Why do we tolerate the intolerant 'martyr'?

Posted: Oct 13, 2006 12:01 AM
Why do we tolerate the intolerant 'martyr'?

The media love a martyr. And I don't mean "martyr" in the context of modern-day jihad. I mean the sort from our pre-Islamic consciousness, the long-suffering "victim" of "witch hunts" and moralizing of a singularly "right-wing" and "puritanical" kind. Such martyrdom never dims -- and I'm thinking, say, of Alger Hiss, or, on a different level, Bill Clinton. It beams on in perpetuity, alight with liberal pieties projected by a media culture that, in turn, basks in reflected martyrdom.

Tariq Ramadan, a Eurabian intellectual with a string of associates linked to terrorism, is becoming just such a media martyr. The State Department recently turned down his request for a visa -- and for a second time. (Go State!) But over at The New Yorker, George Packer is invoking no less than Thomas Jefferson to help proclaim "the national good" that would accrue to us through exposure to Ramadan's "ideas." "Truth is great and will prevail (over) error," Packer quotes Jefferson as saying, "unless by human interposition disarmed of her natural weapons, free argument and debate."

I'm not sure whether Packer is calling Ramadan "truth" or "error," but one thing is clear: We have exposure galore to his "ideas," as media ink spilled over his "plight" attests, not to mention the trove of books by Ramadan readily available, for example, via Amazon.com. Such "ideas," as Packer styles them, include arguing for "a large role for religion in Arab-Muslim states" (sounds like sharia to me) and "an assertion of Muslim identity alongside citizenship in the West" (ditto). Then there are his "ideas" about Israel. (Indeed, it was Ramadan's contribution to a Hamas "charity" that led Uncle Sam to nix that last visa request.) As Olivier Guitta notes at the Weekly Standard, Ramadan "strongly favors the elimination of the Jewish state." Which is an idea, all right, but should it win the guy a trip to Coney Island? I don't think so.

Denied the privilege, Ramadan is busy snatching media martyrdom from visa defeat, which he attributes to U.S. government "paranoia." And such paranoia, he wrote in The Washington Post, comes out in the "the fear of ideas" -- his own, natch. As someone who opposes and yes, fears, the incremental imposition of sharia on the Free World now in progress, I don't think "paranoia" is as apt a term as, say, "survival instinct." But I digress. We've got his "ideas." We hardly need to give him a key to the city in return.

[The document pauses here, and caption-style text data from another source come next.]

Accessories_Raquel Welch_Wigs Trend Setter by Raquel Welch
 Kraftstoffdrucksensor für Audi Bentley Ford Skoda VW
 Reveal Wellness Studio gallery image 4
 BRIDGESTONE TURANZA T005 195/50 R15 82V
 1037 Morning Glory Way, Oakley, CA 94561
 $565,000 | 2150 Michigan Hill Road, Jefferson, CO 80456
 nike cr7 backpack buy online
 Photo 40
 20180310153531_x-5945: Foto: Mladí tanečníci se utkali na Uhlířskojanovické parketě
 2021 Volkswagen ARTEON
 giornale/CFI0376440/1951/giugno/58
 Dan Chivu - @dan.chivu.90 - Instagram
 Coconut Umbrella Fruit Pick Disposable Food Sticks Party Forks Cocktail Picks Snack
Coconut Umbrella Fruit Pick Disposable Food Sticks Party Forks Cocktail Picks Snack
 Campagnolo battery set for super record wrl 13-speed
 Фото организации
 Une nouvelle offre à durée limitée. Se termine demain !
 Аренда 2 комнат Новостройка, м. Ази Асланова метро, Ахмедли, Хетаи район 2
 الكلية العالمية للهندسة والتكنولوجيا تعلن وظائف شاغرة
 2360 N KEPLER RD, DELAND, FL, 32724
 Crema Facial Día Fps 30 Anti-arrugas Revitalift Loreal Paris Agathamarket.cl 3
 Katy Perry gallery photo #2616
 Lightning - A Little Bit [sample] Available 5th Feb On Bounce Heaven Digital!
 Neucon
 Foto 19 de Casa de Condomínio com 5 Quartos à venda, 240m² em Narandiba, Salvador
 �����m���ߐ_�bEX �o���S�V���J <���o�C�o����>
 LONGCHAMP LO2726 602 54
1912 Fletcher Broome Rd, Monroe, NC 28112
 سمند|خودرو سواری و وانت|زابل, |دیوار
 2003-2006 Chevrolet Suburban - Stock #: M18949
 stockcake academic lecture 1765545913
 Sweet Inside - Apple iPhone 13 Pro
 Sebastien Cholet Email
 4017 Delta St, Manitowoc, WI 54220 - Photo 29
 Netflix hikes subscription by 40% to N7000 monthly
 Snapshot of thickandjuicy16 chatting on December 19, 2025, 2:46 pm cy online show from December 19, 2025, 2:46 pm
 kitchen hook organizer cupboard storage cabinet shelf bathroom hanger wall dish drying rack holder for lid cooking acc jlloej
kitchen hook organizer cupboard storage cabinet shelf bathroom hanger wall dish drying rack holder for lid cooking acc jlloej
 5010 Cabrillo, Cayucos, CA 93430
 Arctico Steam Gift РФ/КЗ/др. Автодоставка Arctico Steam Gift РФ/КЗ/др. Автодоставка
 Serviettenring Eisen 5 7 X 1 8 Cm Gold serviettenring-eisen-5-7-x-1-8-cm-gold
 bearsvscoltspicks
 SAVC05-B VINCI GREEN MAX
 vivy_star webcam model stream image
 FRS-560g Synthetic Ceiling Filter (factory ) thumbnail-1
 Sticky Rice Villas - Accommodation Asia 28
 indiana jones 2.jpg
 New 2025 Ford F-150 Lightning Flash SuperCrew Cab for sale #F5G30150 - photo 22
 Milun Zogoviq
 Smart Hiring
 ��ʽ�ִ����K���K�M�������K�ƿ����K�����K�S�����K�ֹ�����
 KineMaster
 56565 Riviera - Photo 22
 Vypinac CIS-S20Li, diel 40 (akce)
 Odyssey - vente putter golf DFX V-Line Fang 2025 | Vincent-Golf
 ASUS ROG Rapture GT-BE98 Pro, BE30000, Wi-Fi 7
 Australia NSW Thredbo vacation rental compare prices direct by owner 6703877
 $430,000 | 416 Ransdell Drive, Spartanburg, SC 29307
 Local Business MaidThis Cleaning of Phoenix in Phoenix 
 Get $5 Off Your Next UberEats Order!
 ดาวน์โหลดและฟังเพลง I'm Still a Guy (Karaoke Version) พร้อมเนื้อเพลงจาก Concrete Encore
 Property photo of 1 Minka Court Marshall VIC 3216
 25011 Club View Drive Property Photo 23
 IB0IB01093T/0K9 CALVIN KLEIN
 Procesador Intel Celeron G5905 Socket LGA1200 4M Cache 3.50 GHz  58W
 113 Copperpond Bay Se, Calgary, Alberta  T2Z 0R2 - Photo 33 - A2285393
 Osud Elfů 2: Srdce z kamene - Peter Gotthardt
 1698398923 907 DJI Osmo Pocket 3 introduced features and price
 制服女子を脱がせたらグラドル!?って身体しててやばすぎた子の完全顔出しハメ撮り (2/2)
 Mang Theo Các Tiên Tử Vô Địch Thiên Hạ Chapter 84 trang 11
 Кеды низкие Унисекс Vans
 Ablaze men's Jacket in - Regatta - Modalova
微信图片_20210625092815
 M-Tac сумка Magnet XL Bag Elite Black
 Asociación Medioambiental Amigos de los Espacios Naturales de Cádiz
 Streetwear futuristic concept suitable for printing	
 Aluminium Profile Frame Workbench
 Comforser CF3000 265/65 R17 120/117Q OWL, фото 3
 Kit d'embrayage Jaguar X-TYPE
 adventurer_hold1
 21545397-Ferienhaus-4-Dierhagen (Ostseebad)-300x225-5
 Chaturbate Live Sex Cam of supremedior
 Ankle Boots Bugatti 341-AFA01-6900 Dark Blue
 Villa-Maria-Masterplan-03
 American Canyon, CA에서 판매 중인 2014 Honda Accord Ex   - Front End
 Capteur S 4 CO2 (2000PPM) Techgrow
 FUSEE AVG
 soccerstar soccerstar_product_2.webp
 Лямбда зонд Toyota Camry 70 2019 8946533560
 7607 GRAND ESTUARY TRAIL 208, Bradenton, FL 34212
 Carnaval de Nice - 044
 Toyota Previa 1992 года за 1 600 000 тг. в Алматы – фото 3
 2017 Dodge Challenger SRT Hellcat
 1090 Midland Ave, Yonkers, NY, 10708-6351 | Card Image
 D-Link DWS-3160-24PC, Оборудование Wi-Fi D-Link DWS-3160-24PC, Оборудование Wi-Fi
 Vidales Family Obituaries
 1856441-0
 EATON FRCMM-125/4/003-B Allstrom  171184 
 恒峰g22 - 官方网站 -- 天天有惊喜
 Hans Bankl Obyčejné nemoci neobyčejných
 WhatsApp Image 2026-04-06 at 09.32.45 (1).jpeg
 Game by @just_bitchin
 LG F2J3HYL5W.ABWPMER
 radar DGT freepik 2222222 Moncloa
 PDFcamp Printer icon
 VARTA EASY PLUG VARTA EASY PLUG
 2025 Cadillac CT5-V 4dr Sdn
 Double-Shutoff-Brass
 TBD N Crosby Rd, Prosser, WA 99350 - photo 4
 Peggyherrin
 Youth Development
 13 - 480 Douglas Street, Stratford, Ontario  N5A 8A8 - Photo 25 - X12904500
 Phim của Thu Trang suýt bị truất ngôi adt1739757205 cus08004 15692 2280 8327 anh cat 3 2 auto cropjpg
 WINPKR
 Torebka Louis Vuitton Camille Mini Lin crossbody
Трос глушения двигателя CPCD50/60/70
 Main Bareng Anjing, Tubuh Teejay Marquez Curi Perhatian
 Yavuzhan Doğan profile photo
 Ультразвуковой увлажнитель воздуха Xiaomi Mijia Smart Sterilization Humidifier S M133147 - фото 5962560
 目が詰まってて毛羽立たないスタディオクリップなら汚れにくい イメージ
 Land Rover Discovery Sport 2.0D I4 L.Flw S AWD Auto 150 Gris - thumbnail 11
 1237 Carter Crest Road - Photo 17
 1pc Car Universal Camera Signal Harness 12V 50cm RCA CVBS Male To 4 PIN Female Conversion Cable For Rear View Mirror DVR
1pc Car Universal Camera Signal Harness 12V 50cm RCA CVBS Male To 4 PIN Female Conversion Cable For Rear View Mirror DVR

The case of Robert Redeker, a French high school teacher, marks a serious contrast. For having written a passionate op-ed in a French paper criticizing the tradition of violence modeled by Muhammad and inherent to Islam -- the threat that fulfills sharia's promise -- Redeker received death threats from Muslims that forced him into hiding under police protection. It's not that he didn't receive a visa to visit another country; he's no longer safe in his own. So let's get this straight. The U.S. government has determined (mirabile dictu) that we, the people, can get along without Ramadan, which is not at all to say that anybody is blocking his lousy "ideas." The would-be assassins of Robert Redeker plot to kill the teacher for his "ideas" critical of Islam and Muhammad, thereby trying to deter him or anyone else from repeating them. So where is the crime against free speech? Where, to go back to Thomas Jefferson, is the real "human interposition" disarming truth of her "natural weapons" -- free argument and debate?

It is in this nightmarish climate of public intimidation that the intrepid scholar Robert Spencer has come out with his latest book, "The Truth About Muhammad: Founder of the World's Most Intolerant Religion," (Regnery, 2006). Relying exclusively on Muslim sources, Spencer crafts a portrait of Muhammad that, for about the first time since political correctness gave Muhammad a pacifist makeover, places his violent, misogynist and supremacist example and teachings under an analytical light. Why? "The question of Muhammad -- of who he was, what he did, and what he believed -- is key to understanding today's global conflict with the jihadists, and what we must do about it," Spencer writes.

Sounds like an important topic for "free argument and debate" -- maybe as important as Mark Foley's IM's, or, for that matter, Ramadan's visa. Will our media martyrs initiate free argument and debate about it? Let's hope. Without her "natural weapons," it is truth who becomes the martyr.